▶ TASK REQUIREMENTS:
An exact reproduction of the lines below, from the first through the one with "4 plus 4 is", is the whole answer; pictures have no place in it.

==================================================

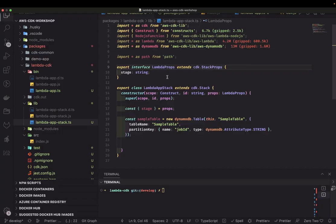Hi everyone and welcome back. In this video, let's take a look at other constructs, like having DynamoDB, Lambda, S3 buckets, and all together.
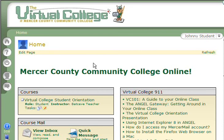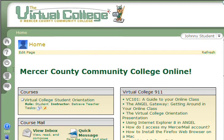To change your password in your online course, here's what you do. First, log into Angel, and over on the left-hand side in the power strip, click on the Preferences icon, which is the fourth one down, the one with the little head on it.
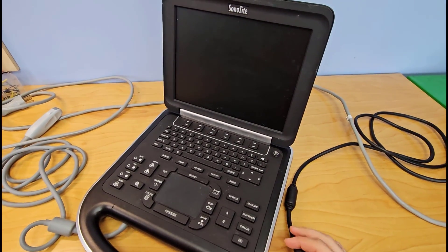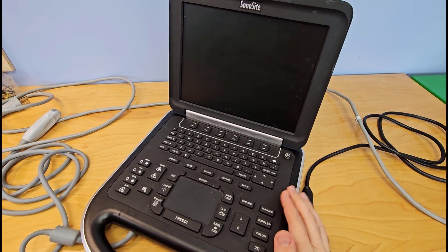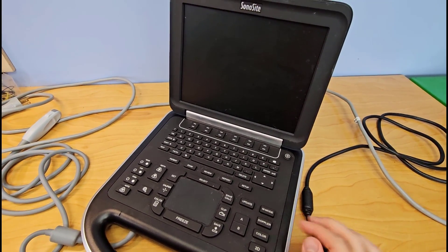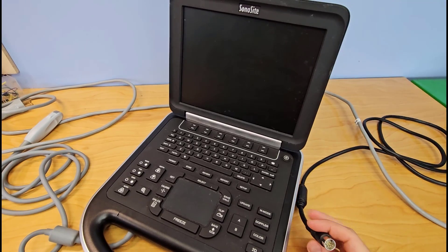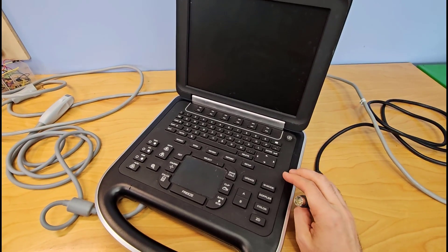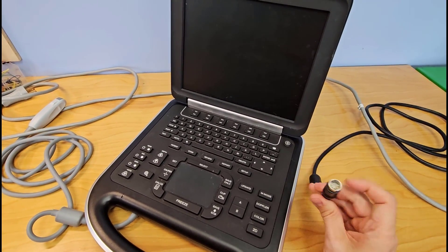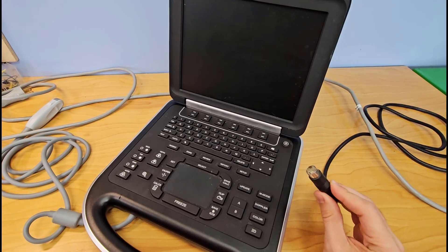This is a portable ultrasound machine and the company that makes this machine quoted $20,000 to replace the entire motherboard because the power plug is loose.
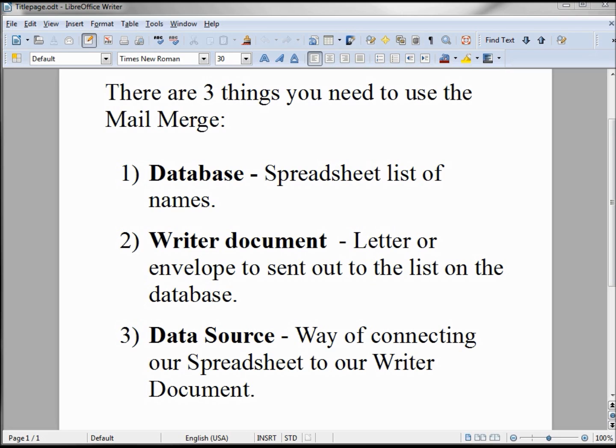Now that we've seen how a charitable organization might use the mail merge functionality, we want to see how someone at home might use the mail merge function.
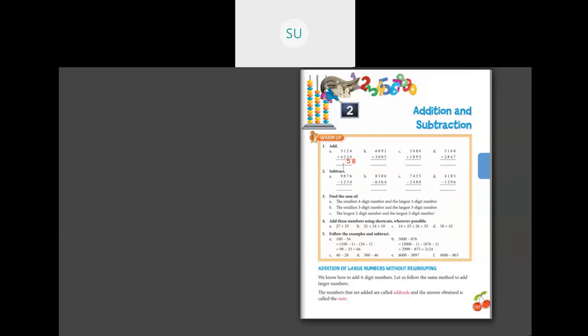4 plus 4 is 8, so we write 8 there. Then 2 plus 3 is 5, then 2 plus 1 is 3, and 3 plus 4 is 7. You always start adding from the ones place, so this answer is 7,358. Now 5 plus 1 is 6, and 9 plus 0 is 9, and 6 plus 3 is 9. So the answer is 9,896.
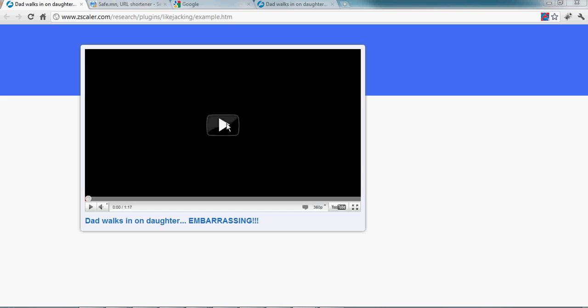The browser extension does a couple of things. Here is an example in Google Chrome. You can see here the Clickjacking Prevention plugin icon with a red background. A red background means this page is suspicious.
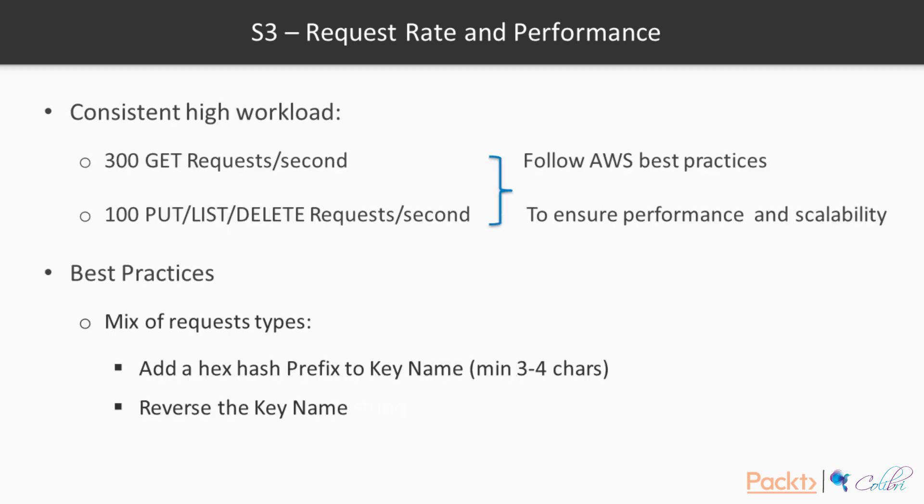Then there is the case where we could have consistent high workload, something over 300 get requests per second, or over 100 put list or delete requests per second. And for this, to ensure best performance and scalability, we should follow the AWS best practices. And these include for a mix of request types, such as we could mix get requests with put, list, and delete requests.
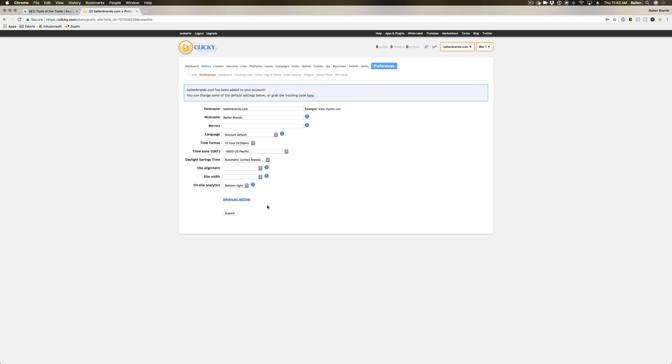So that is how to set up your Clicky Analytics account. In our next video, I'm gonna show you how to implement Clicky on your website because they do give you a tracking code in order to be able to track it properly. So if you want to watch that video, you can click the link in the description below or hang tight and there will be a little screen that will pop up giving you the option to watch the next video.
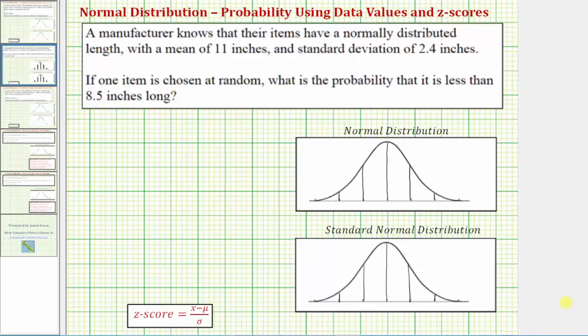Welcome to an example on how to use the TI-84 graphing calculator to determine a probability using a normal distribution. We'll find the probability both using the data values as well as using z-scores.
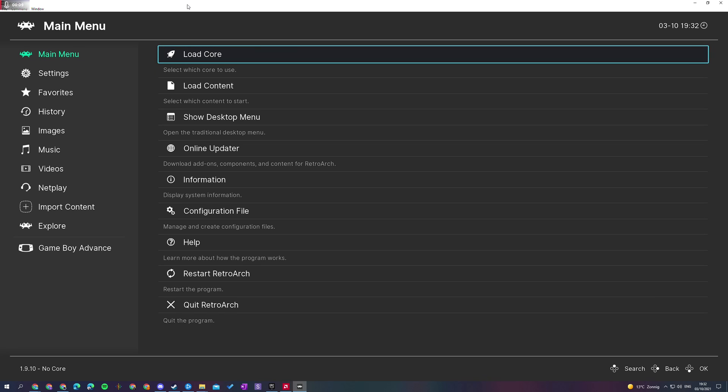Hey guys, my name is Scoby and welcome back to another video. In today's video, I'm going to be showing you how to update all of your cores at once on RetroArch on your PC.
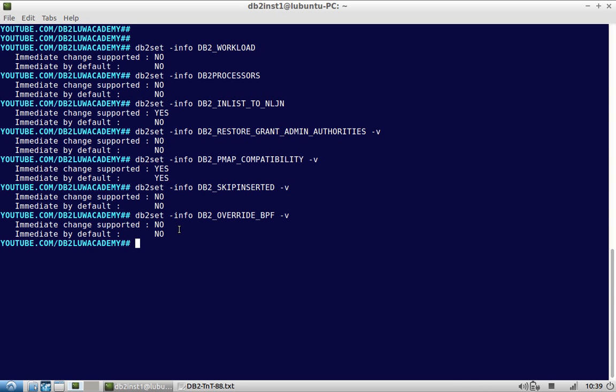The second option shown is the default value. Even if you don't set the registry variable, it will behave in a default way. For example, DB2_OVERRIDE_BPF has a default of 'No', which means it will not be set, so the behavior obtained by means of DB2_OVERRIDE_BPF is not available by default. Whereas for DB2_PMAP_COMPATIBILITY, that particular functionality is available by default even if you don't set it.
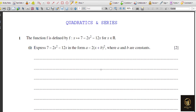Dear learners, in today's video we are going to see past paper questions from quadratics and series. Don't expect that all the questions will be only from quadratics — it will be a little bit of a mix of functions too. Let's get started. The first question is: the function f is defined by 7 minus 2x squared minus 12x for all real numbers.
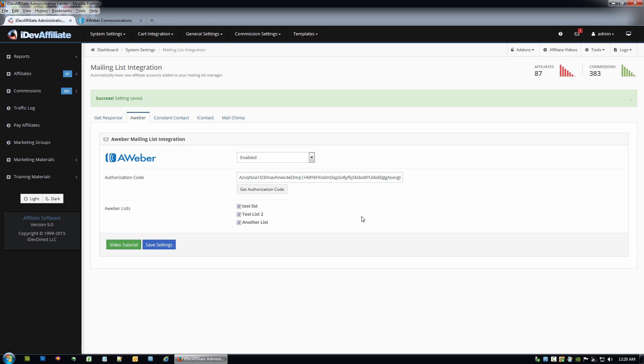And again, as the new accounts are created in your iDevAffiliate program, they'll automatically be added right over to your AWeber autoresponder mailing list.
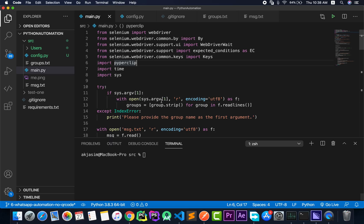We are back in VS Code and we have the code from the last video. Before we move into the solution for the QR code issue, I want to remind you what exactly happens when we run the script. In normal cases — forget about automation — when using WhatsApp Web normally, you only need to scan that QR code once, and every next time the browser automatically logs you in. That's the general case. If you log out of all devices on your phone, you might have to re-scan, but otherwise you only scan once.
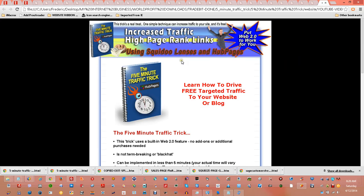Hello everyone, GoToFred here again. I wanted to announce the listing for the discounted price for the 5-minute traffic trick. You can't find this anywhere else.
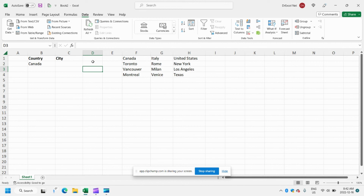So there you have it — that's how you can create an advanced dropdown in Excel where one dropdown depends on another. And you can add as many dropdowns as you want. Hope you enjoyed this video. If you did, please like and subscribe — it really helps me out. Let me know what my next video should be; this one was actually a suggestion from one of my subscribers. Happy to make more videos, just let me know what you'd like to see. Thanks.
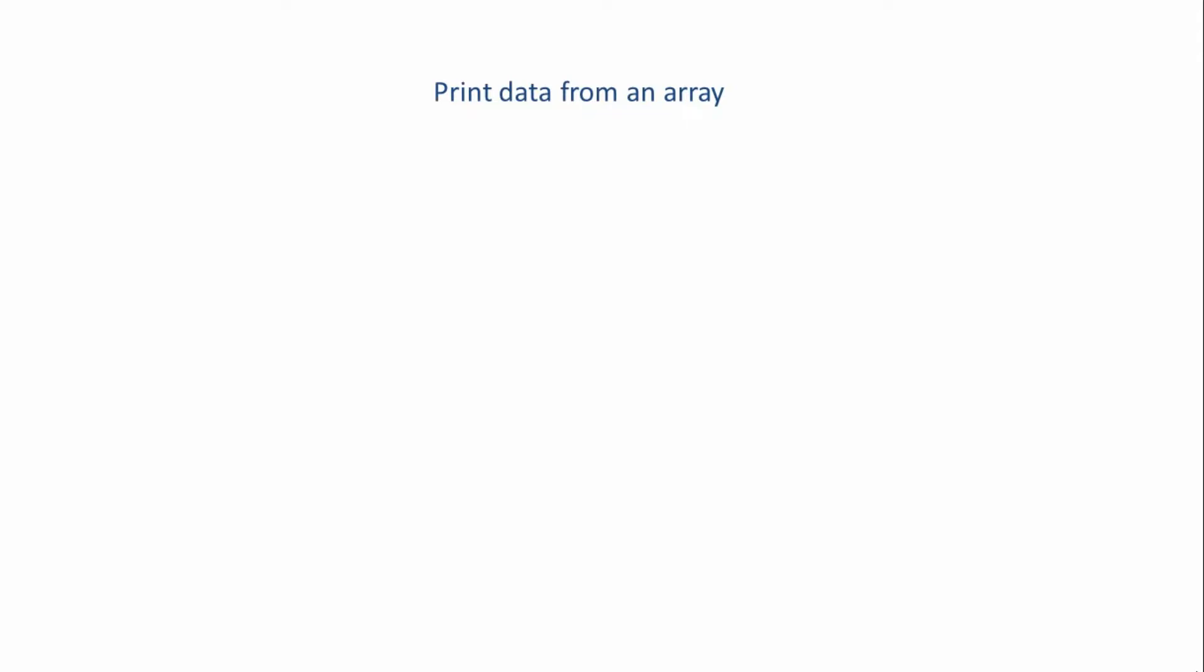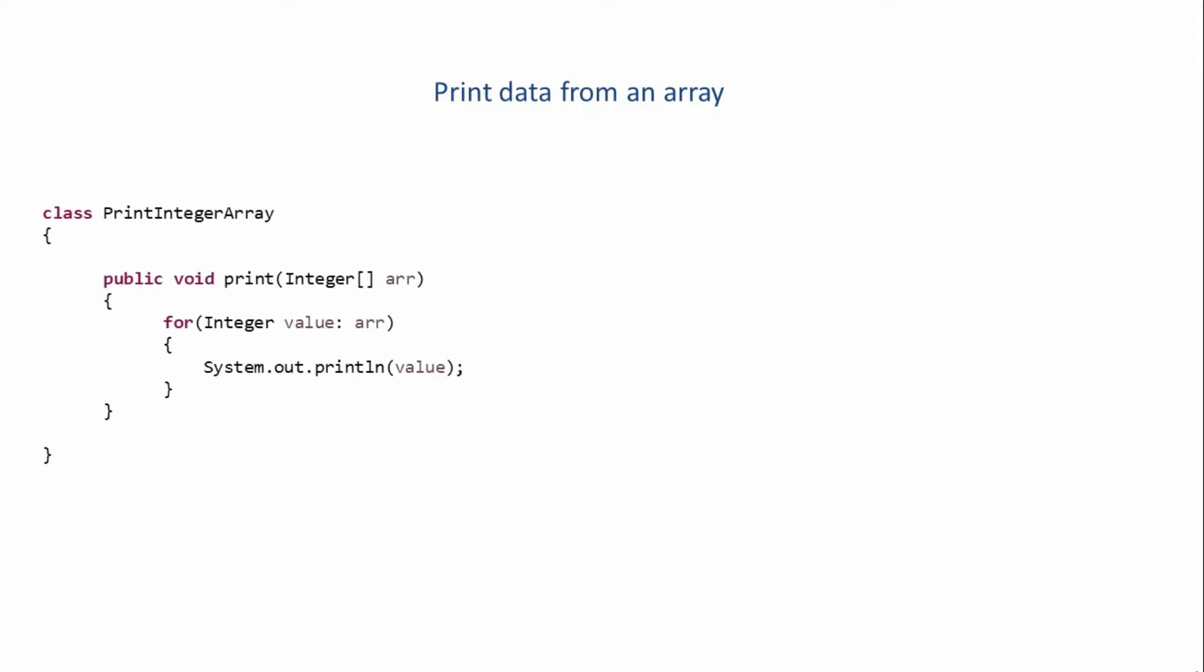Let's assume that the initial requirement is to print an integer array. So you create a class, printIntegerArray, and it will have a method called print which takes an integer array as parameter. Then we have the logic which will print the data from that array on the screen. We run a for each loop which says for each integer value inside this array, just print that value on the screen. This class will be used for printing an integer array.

==================================================

▶ SOLUTION TO THIS PROBLEM:
Hi everyone and welcome back. In this video, let's take a look at other constructs, like having DynamoDB, Lambda, S3 buckets, and all together.
To change your password in your online course, here's what you do. First, log into Angel, and over on the left-hand side in the power strip, click on the Preferences icon, which is the fourth one down, the one with the little head on it.
This is a portable ultrasound machine and the company that makes this machine quoted $20,000 to replace the entire motherboard because the power plug is loose.
Now that we've seen how a charitable organization might use the mail merge functionality, we want to see how someone at home might use the mail merge function.
4 plus 4 is 8, so we write 8 there. Then 2 plus 3 is 5, then 2 plus 1 is 3, and 3 plus 4 is 7. You always start adding from the ones place, so this answer is 7,358. Now 5 plus 1 is 6, and 9 plus 0 is 9, and 6 plus 3 is 9. So the answer is 9,896.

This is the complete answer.